• **DATA SHOWN**
———
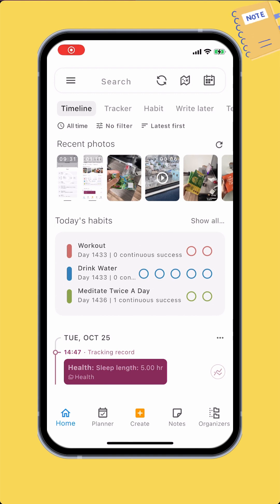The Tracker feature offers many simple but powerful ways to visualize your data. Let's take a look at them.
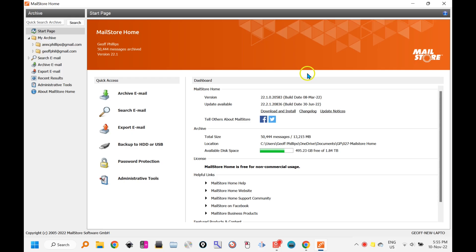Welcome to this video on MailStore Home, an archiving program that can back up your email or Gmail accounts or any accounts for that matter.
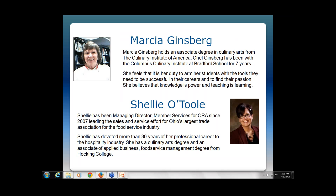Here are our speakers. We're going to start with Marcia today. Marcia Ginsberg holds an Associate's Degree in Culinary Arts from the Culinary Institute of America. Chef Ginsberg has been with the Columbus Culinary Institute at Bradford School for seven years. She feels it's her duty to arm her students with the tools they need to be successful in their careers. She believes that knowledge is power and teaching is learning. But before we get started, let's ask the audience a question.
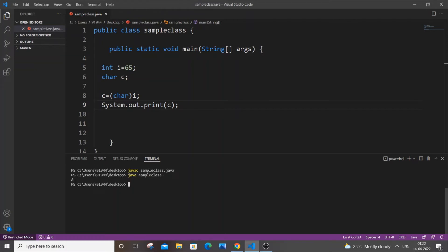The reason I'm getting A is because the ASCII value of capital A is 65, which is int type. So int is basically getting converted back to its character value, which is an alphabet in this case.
———
Restate only the lines running from the start of the material above through the line containing "Welcome to this", ends included. No pictures.

The Tracker feature offers many simple but powerful ways to visualize your data. Let's take a look at them.
Welcome to this video on MailStore Home, an archiving program that can back up your email or Gmail accounts or any accounts for that matter.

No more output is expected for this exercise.